Exercise prompt
Could you give the number of lines in the entries below that contain the word "Vintage"? Only the number is wanted.

Data extract
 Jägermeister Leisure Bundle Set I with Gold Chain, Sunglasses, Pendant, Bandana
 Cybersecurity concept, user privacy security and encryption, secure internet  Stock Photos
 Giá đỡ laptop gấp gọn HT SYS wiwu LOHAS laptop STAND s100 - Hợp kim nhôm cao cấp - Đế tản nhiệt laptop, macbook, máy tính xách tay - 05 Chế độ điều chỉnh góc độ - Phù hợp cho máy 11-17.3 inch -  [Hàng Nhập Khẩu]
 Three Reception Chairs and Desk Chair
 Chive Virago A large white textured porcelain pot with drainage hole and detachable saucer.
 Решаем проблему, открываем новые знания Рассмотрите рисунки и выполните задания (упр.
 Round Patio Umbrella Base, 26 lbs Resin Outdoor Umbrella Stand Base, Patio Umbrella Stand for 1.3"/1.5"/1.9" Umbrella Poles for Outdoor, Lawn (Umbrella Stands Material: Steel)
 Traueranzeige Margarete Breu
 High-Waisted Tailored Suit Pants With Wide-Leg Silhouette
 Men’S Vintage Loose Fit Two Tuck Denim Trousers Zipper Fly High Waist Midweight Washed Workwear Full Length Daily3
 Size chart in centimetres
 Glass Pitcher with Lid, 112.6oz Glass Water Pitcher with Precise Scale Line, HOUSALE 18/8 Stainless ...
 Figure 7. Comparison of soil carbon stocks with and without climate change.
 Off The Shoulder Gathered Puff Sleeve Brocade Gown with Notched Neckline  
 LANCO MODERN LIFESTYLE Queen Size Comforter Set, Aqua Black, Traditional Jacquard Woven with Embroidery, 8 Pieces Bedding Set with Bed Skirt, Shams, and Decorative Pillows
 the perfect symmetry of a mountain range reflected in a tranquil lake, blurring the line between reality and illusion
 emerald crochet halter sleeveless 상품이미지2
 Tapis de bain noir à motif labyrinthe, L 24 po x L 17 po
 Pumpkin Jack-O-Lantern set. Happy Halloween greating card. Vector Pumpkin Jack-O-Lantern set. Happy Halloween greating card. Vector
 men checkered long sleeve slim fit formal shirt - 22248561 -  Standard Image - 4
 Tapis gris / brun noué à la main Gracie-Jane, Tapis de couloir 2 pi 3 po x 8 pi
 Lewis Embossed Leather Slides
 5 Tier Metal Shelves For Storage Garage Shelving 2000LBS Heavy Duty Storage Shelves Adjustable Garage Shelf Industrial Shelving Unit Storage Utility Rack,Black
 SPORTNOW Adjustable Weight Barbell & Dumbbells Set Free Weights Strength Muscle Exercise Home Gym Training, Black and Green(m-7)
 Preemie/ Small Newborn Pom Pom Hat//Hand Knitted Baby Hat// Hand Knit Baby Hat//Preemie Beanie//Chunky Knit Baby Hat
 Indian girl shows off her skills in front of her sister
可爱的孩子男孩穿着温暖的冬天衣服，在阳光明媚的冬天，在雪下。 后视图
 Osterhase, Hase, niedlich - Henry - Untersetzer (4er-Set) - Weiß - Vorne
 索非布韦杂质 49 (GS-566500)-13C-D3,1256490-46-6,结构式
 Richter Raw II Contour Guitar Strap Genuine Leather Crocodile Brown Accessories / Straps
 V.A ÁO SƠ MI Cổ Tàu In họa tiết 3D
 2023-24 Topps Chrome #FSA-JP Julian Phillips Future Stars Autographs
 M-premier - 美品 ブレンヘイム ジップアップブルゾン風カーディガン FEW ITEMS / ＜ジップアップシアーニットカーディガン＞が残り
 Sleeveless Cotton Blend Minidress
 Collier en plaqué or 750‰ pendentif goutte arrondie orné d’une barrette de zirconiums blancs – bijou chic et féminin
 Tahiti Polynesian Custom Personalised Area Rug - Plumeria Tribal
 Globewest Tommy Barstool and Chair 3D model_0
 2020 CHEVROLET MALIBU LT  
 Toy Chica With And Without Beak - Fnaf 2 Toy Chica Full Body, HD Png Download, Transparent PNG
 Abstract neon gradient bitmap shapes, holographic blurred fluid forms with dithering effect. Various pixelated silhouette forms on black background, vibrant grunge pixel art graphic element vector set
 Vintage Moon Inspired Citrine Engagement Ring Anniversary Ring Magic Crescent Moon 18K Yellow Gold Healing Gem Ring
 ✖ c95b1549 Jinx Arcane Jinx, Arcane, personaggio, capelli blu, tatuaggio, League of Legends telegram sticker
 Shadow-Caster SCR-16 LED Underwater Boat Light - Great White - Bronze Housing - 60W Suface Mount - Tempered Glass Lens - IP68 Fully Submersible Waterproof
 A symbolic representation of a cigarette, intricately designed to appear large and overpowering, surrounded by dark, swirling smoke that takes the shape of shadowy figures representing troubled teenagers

Solved exercise
2